# REQUIRED WORK
Extract, verbatim, all lines starting at the one containing "FOTO, VIDEO: ACCIDENT" and ending with the final line of the listing, and no others.

= = =

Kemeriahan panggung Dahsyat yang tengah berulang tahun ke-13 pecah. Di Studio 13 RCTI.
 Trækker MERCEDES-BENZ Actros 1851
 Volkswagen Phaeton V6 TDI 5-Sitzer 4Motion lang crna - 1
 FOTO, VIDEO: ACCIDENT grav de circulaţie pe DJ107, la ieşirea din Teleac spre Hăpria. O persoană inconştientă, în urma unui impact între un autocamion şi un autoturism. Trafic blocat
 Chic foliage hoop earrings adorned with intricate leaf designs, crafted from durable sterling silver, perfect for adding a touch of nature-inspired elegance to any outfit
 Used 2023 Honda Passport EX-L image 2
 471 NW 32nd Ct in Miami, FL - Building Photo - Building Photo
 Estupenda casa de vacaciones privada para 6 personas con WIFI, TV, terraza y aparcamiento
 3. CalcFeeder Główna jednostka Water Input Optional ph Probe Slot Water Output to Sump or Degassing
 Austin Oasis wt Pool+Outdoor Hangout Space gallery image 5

= = =

# SOLUTION FOR THIS EXERCISE
 FOTO, VIDEO: ACCIDENT grav de circulaţie pe DJ107, la ieşirea din Teleac spre Hăpria. O persoană inconştientă, în urma unui impact între un autocamion şi un autoturism. Trafic blocat
 Chic foliage hoop earrings adorned with intricate leaf designs, crafted from durable sterling silver, perfect for adding a touch of nature-inspired elegance to any outfit
 Used 2023 Honda Passport EX-L image 2
 471 NW 32nd Ct in Miami, FL - Building Photo - Building Photo
 Estupenda casa de vacaciones privada para 6 personas con WIFI, TV, terraza y aparcamiento
 3. CalcFeeder Główna jednostka Water Input Optional ph Probe Slot Water Output to Sump or Degassing
 Austin Oasis wt Pool+Outdoor Hangout Space gallery image 5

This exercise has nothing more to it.